Several people reported today that the TSA has started filtering its employees’ access to the Internet, including access to sites featuring “controversial opinions”.
Many folks were quick to denounce this as censorship, demonstrating their lack of understanding of how web filtering works. Lots of comments were posted by readers, asking things like “Who decides what’s controversial?” “Will Fox News be blocked while MSNBC is permitted?” and other questions that, similarly, reflected a general misunderstanding of how web filtering software works.
I’d like to make several points about the TSA’s decision. I find myself in the bizarre position of defending an IT decision by an organization with which I disagree on almost every other point.
1) A significant percentage of businesses, and most government agencies, monitor, track, and restrict access to the Internet. This is not a curtailment of your rights. On the contrary, they are paying you to work for them, and every moment you spend at work reading Facebook could very well be considered theft of company resources.
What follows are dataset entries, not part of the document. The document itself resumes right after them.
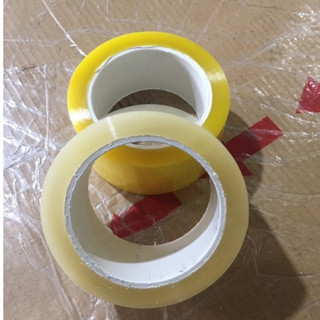 Combo 6 cuộn băng dính trắng trong 1.4kg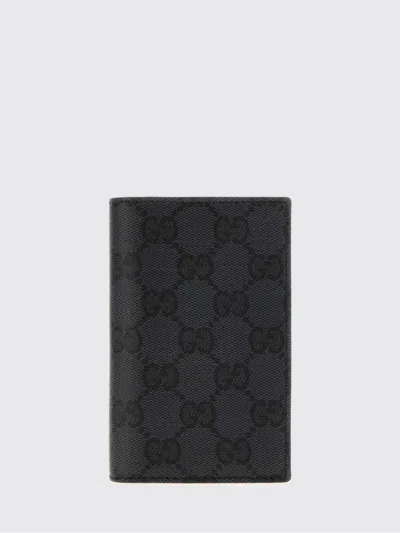 Gucci Wallet Woman In Black
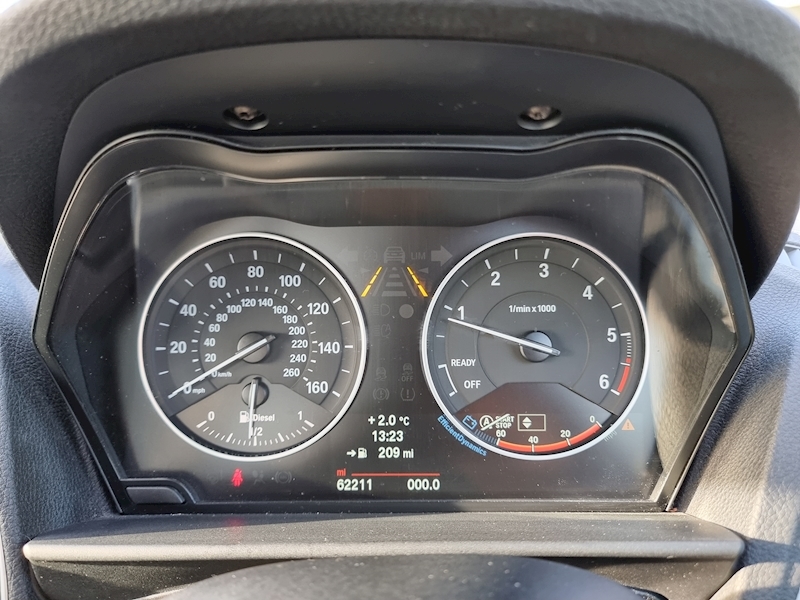 BMW 2 Series 220d SE - U7345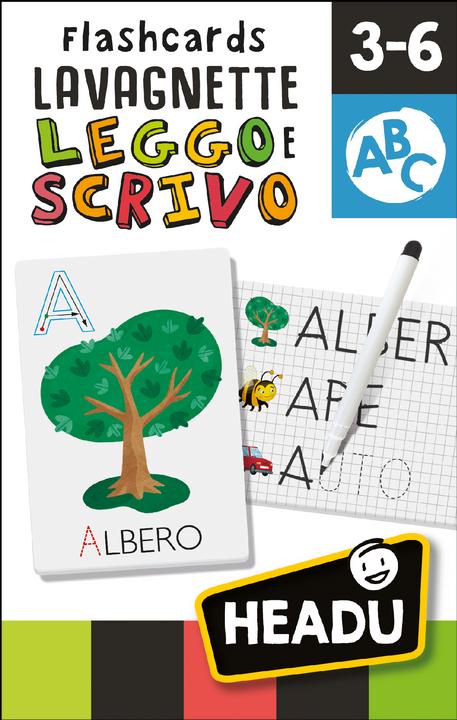 Immagine prodotto Sombo Flashcards Montessori (Italiano)
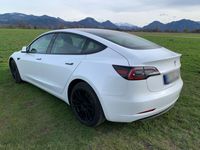 gebraucht Tesla Model 3 Standard Plus, AHK, großer Akku 60kWh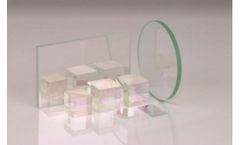 Knight Optical - Model BCA1515 - 15x15x15mm Non-Polarizing Cube Beamsplitter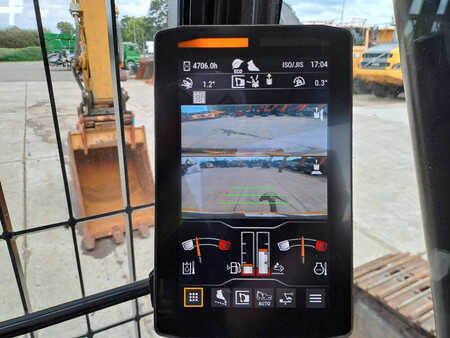 Escavadora de rastos 2018 Caterpillar 320 NG (34)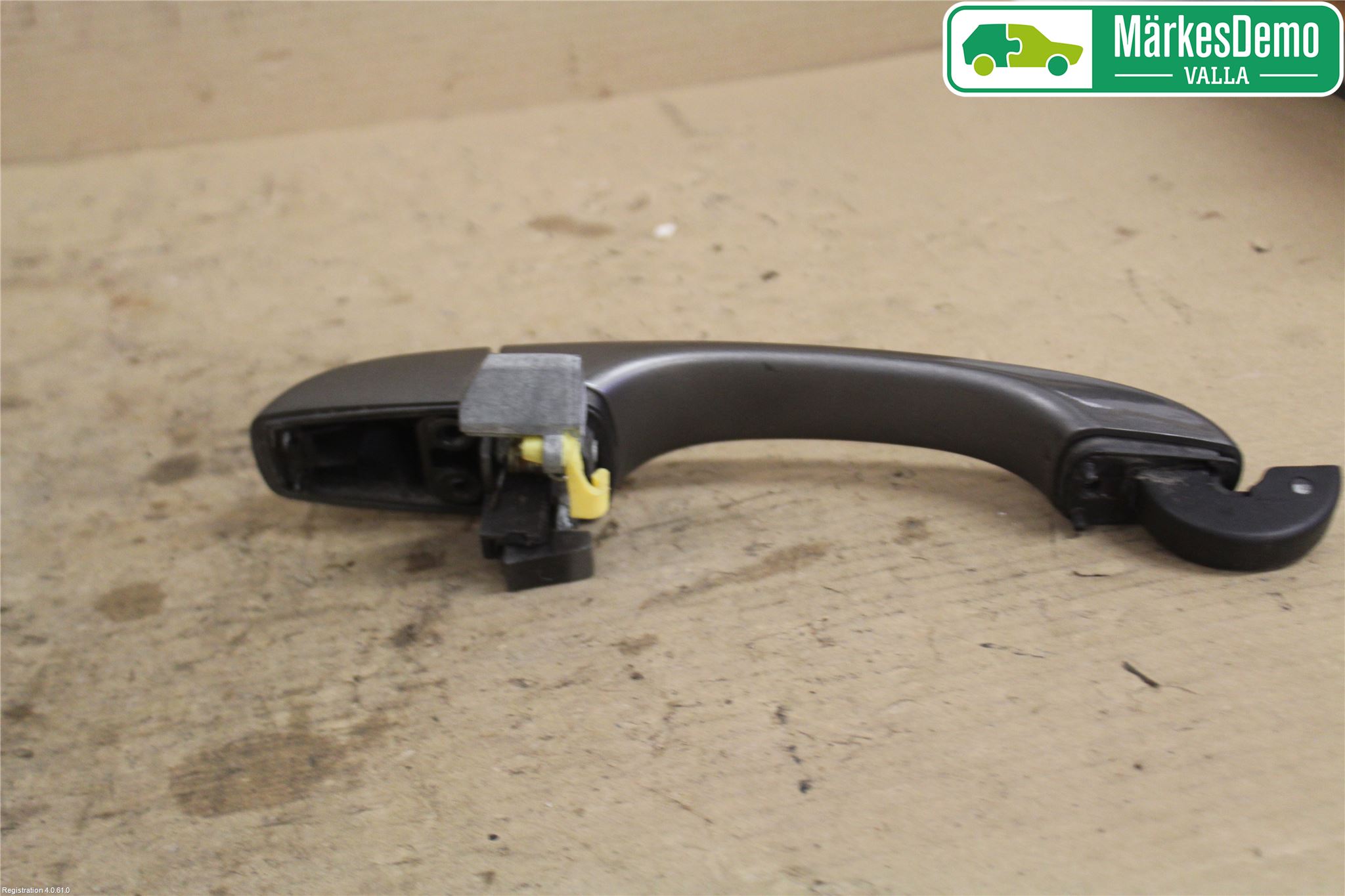 Jeep PATRIOT Dörrhandtag Yttre Vä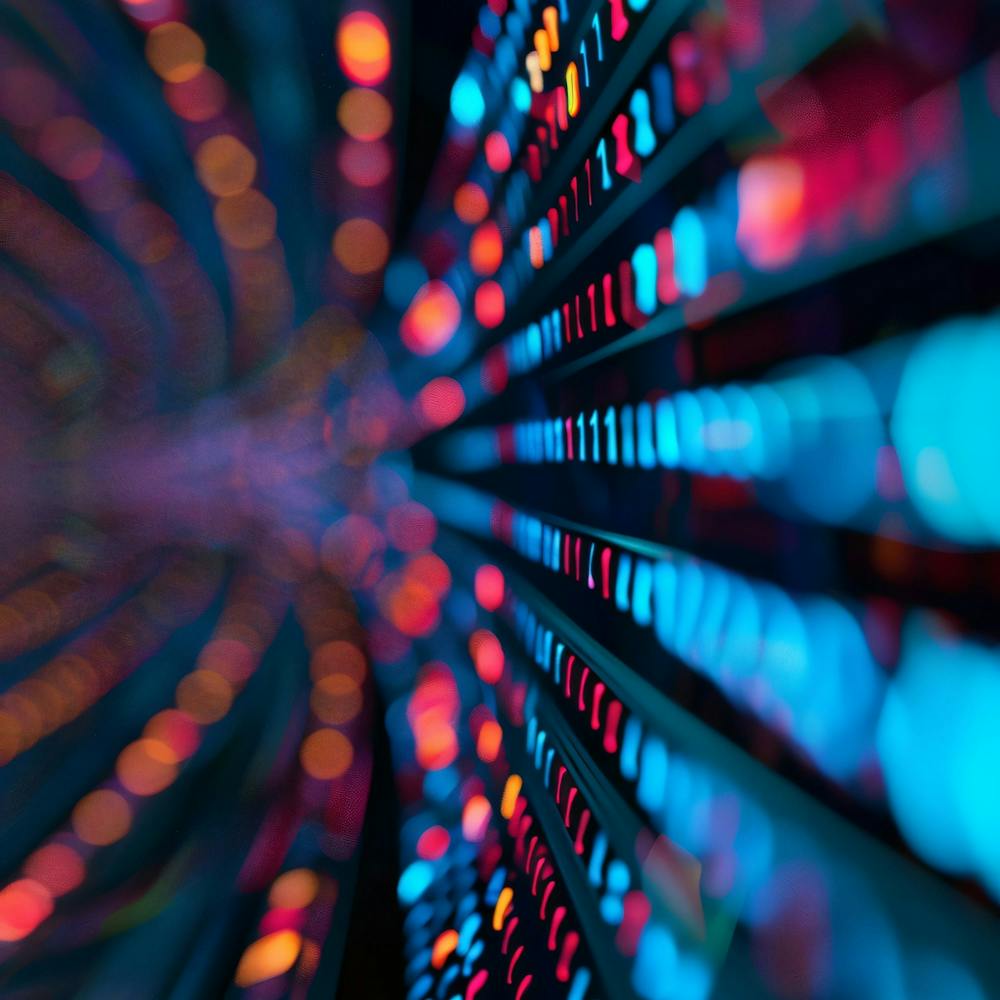Abstract Light 1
2) When you install web filtering software, you’re given a list of checkboxes describing categories of web content. One of them might be something like “Controversial Opinions”, and will likely contain such things as hate sites, sites about gay and lesbian rights, sites about abortion, and sites about vegetarianism. These sites are categorized as such simply because viewing these sites in the work place can result in disruptive arguments among employees, or simply because the conversations that result are detrimental to productivity.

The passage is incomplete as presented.